Gintaras Beresnevičius (July 8, 1961 in Kaunas - August 6, 2006 in Vilnius) was a Lithuanian historian of religions specializing in Baltic mythology. He together with Norbertas Vėlius is considered to be the best specialist in Lithuanian mythology.

In 1984 he graduated from Vilnius University, Faculty of History. Since 1986 he worked at various universities. In 1993 he received his Ph.D. He published over 100 scientific articles. Beresnevičius worked with journal "Naujasis Židinys" (English:The New Hearth) and weekly "Šiaurės Atėnai" (English: Northern Athens). In 2001 he received an award from the President of Lithuania for his collection of essays on history of Lithuania called "Ant laiko ašmenų." In 2003 he published textbooks on religious studies for high schools.

Besides scientific work, Beresnevičius was also a writer and a publicist. He published novels, several poems, and numerous essays (many of them under various pseudonyms such as Antanas Sereda). His short stories were influenced by Daniil Kharms.

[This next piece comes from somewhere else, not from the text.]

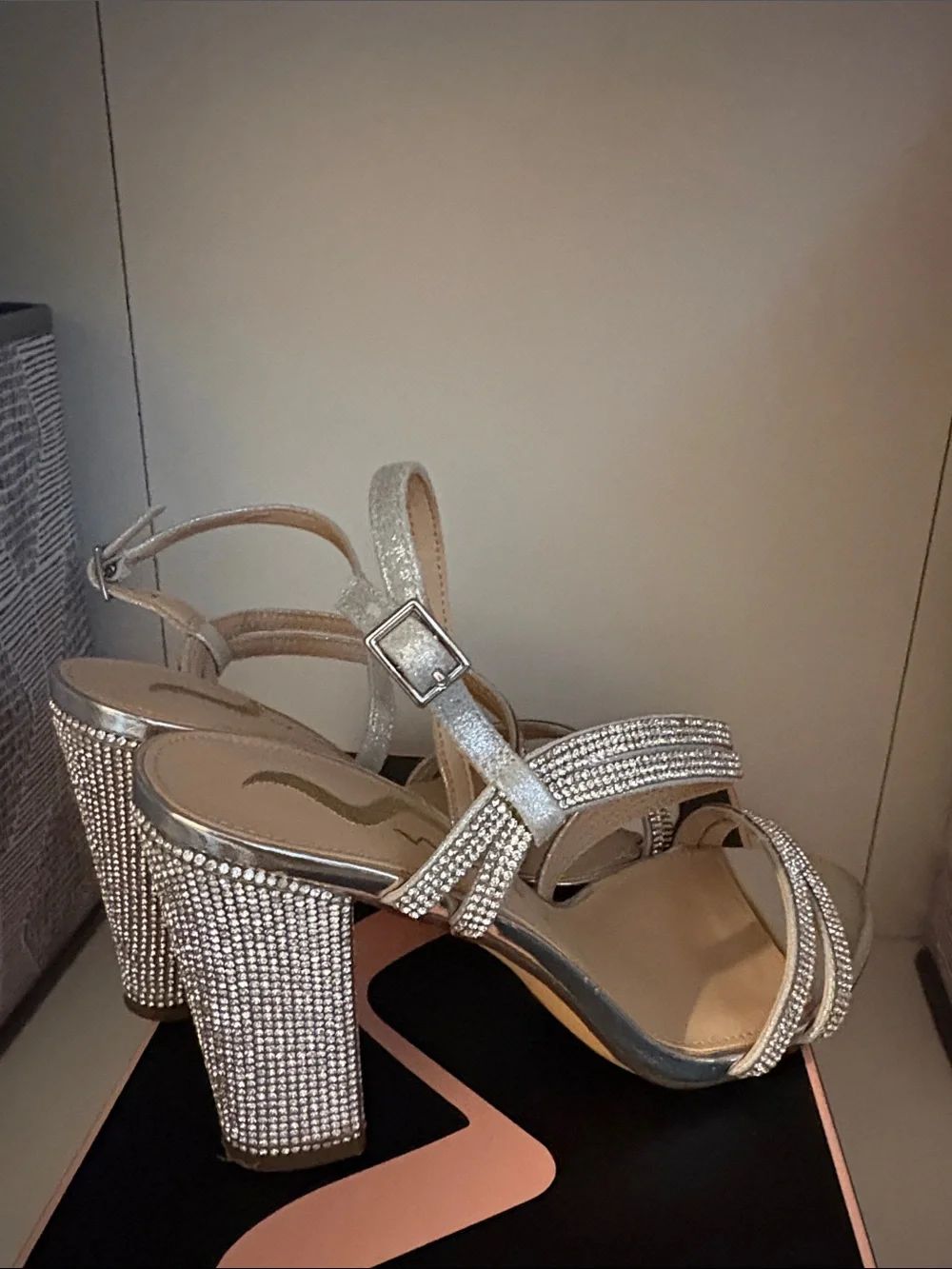 Nina chic strappy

In 2004 he rallied for Kazimira Prunskienė when she ran in the Presidential elections.

==Major works==

- Dausos: pomirtinio gyvenimo samprata senojoje lietuvių pasaulėžiūroje (Dausos: Concept of Afterlife in Ancient Lithuanian Worldview) (1990).
- Baltų religinės reformos (Reforms of Baltic Religions) (1995).
- Religijų istorijos metmenys (Outline of History of Religions) (1997).
- Religijotyros įvadas (Introduction to Religious Studies) (1997).
- Trumpas lietuvių ir prūsų religijos žodynas (Short Dictionary of Lithuanian and Prussian Religion) (2001).
- Ant laiko ašmenų (eseistika). Vilnius: Aidai, 2002. ISBN 9955-445-41-6
- Imperijos darymas: Lietuviškos ideologijos metmenys (Making Empire: Outline of Lithuanian Ideology) (2003).
- Eglė žalčių karalienė ir lietuvių teogoninis mitas (Eglė The Queen of Grass-Snakes and Lithuanian Theogonic Myth) (2003).
- Palemono mazgas. Palemono legendos periferinis turinys (Palemonas' Knot. Periferal Content of Palemonas Legend) (2003).
- Lietuvių religija ir mitologija: sisteminė studija (Lithuanian Religion and Mythology: Systematic Study) (2004).